Data for the task >>
────────

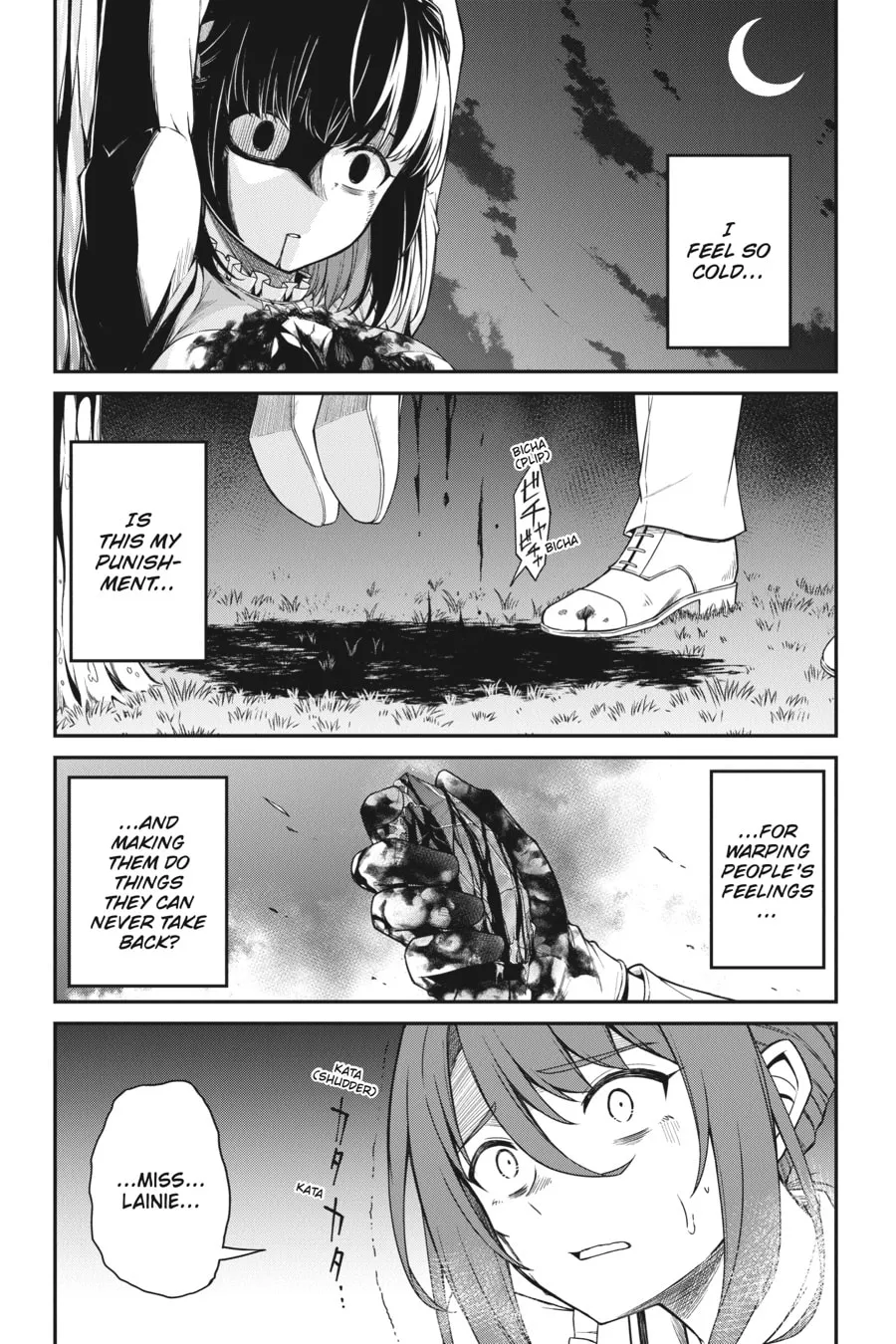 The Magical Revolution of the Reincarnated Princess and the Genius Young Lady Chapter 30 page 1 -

────────

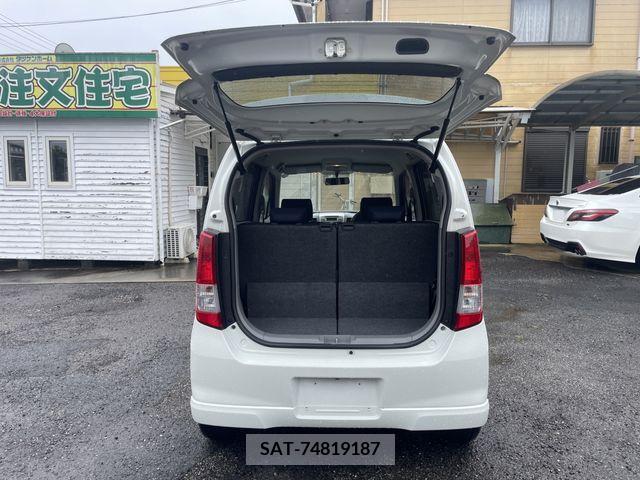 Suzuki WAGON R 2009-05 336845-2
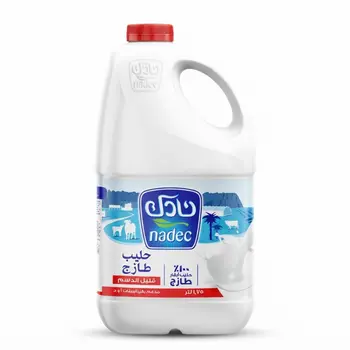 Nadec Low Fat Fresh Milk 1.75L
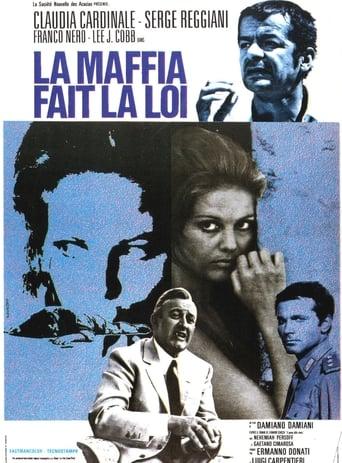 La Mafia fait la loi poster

────────

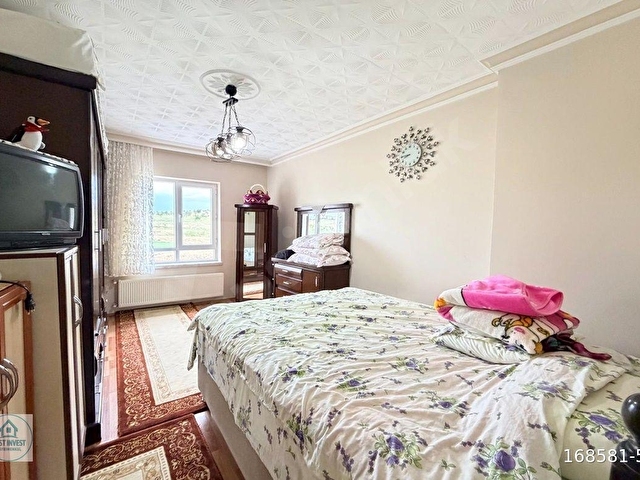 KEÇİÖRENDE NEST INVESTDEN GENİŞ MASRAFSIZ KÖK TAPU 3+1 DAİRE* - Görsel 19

────────

Exercise >>
Your answer should be the lines above, word for word, from the line with "Nadec Low Fat Fresh Milk 1.75L" through the line with "La Mafia fait la loi poster", minus the pictures.

Solved problem >>
 Nadec Low Fat Fresh Milk 1.75L
 La Mafia fait la loi poster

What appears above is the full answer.